The Coronzon Press

Lin Yutang and George Orwell on tea

Lin Yutang wrote the kind of book that hardly gets written any more, books of whimsical philosophy and delightful observation of life from a background of familiarity with both Chinese and western literature. I particularly like this piece he translated in The Importance of Living (p 230), from a classic Chinese treatise on tea, the Chasu:

Proper moments for drinking tea
When one’s heart and hands are idle.
Tired after reading poetry.
When one’s thoughts are disturbed.
Listening to songs and ditties.
When a song is completed.
Shut up at one’s home on a holiday.
Playing the ch’in and looking over paintings.
Engaged in conversation deep at night.
Before a bright window and a clean desk.
With charming friends and slender concubines.
Returning from a visit with friends.
When the day is clear and the breeze is mild.
On a day of light showers.
In a painted boat near a small wooden bridge.
In a forest with tall bamboos.
In a pavilion overlooking lotus flowers on a summer day.
Having lighted incense in a small studio.
After a feast is over and the guests are gone.
When children are at school.
In a quiet, secluded temple.
Near famous springs and quaint rocks.

Lin deals with reinfusion of the same leaves:

Strictly speaking, the second pot is regarded as the best; the first pot being compared to a girl of thirteen, the second compared to a girl of sweet sixteen, and the third regarded as a woman. Theoretically, the third infusion from the same leaves is disallowed by connoisseurs, but actually one does try to live on with the “woman”.

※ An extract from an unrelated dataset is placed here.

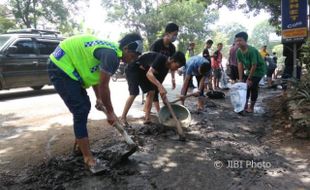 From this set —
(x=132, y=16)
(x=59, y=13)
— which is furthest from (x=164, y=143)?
(x=132, y=16)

Lin makes clear a distinction or two:

… the ideal color of tea is a clear, pale, golden yellow, never dark red like English tea.

By contrast, I rather think that George Orwell was speaking of the tea of shopkeepers when he wrote in his 1946 article for the Evening Standard, ‘A Nice Cup of Tea’:

… why is it considered vulgar to drink out of your saucer, for instance?

I haven’t seen anyone drink out of their saucer since I was a child. But perhaps they still do it up north. Given a saucer with a teacup is these days regarded as a sign of refinement or special occasion (funerals etc), I can hardly imagine anyone daring to drink out of the saucer, or even wanting to, let alone commit the ultimate vulgarity of blowing across the surface to cool it. I remember drinking out of the saucer as a habit of elderly people and children. Don’t let me get onto dipping biscuits in tea. I think one of the funniest ‘Candid Camera’ programmes I ever saw was when the guy in a cafe started dipping his biscuits in the tea of an old woman sat at the same table. Such a simple idea to provoke a fuming sense of outrage bubbling up beneath the disinclination to say anything.

I can’t say I greatly warmed to Orwell’s insistence that Indian or Ceylonese tea is to be preferred to Chinese tea, although I see where he is coming from, and of course the Chinese teas that were available to him in 1946 were probably of the cheaper variety, I doubt he had drunk a Mao Feng Keemun or a good Yunnan in a Flowery Orange Pekoe or a fine Lapsang Souchong, probably just a Black Congou or a bottom-of-the-bin teacrate-dust Oolong. Who wouldn’t prefer a ration-book Assam in those circumstances?

Orwell is a man after my own heart when he writes as one of his eleven golden rules of making tea:

Sixthly, one should take the teapot to the kettle and not the other way about. The water should be actually boiling at the moment of impact, which means that one should keep it on the flame while one pours. Some people add that one should only use water that has been freshly brought to the boil, but I have never noticed that it makes any difference.

While these days I use an electric kettle, pressing the toggle-switch in after the time it would normally want to switch off to get a good rolling boil going, I must confess to regarding it as sub-standard to a good old whistling kettle on the hob rising from a low murmur up to a full-belted shriek. I must reconsider the use of a kettle on a flame and divorce myself from this modern convenience, the electric kettle. Lin Yutang describes the boiling kettle thus:

He turns round to look at the stove, and from the time the kettle begins to sing, he never leaves it, but continues to fan the fire harder than before. Perhaps he stops to take the lid off and look at the tiny bubbles, technically called “fish eyes” or “crab froth,” appearing on the bottom of the kettle, and puts the lid on again. This is the “first boil.” He listens carefully as the gentle singing increases in volume to that of a “gurgle,” with small bubbles coming up the sides of the kettle, technically called the “second boil.” It is then that he watches most carefully the vapor emitted from the kettle spout, and just shortly before the “third boil” is reached, when the water is brought up to a full boil, “like billowing waves,” he takes the kettle from the fire and scalds the pot inside and out with the boiling water, immediately adds the proper quantity of leaves and makes the infusion. Tea of this kind, like the famous “Iron Goddess of Mercy,” drunk in Fukien, is made very thick.

Note that, he scalds the pot inside and out.